As the European stock markets suffered greatly yesterday, Australian Dollar sunk to 105.52 cents, 0.19 cents lower from yesterday's 105.71 cents at 0500 on Tuesday. Experts say Australian Dollar might continue to trade poorly as crises in European sovereign debt worsens.

French market dropped 4.7 percent, while German plummeted 5 percent, and London's FTSE index immersed 3.6 percent further. Due to a labor holiday, the U.S. markets were closed on Monday.

The Australian dollar suffered at early morning trade treading the range of 105.52 to 105.60 cents path against the U.S. dollar but is expected to trade higher by mid-day in anticipation of the RBA meeting to deliberate on the cash rate on Tuesday afternoon.

The Aussie felt the perils of the EU decision to enact another debt rescue package for Eurozone economies.

European Central Bank president Jean-Claude Trichet said in overnight reports that Greece will need another enactment of a debt rescue, and eurozone economies need to tighten and instill more fiscal discipline.

In an attempt to thwart the eurozone debt crises from reaching Italy, ECB raised its emergency bond purchases to 13.3 billion euros last week. But the debt crisis in the eurozone is already an enormous amount to bail out, said in a related report on perthnow.com.

RBA's Next Move

The board of directors for Reserve Bank Australia will have its monthly meeting to decide on the cash rate, which is expected by the market to remain at 4.75 percent.

IG Markets strategist Ben Potter said in an emailed statement to clients that the downbeat sentiment from the U.S. and the Euro zone will be reflected in today's trading.

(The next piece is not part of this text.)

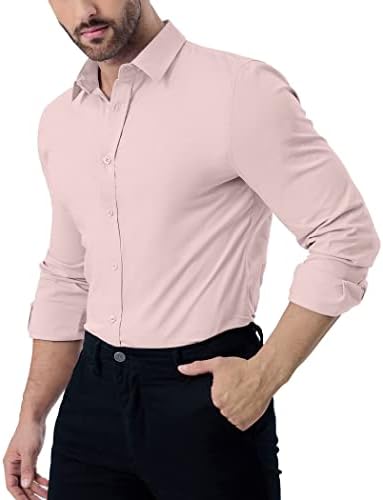 זאפול גברים של למתוח קמטים-משלוח שמלת חולצות מוצק ארוך שרוול כפתור למטה מזדמן כותנה חולצה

"It's going to be a very ugly start for local trade as, once again we get dragged lower the global macro concerns. On the economic calendar, home loans and current account data is due for release at 11.30am ahead of the Reserve Bank of Australia interest rate decision at 2.30pm this afternoon. As it stands, all economists are expecting the RBA to keep rates on hold although the interest rate futures market is pricing in a 25 percent chance of a 25 basis point cut," Mr Potter said.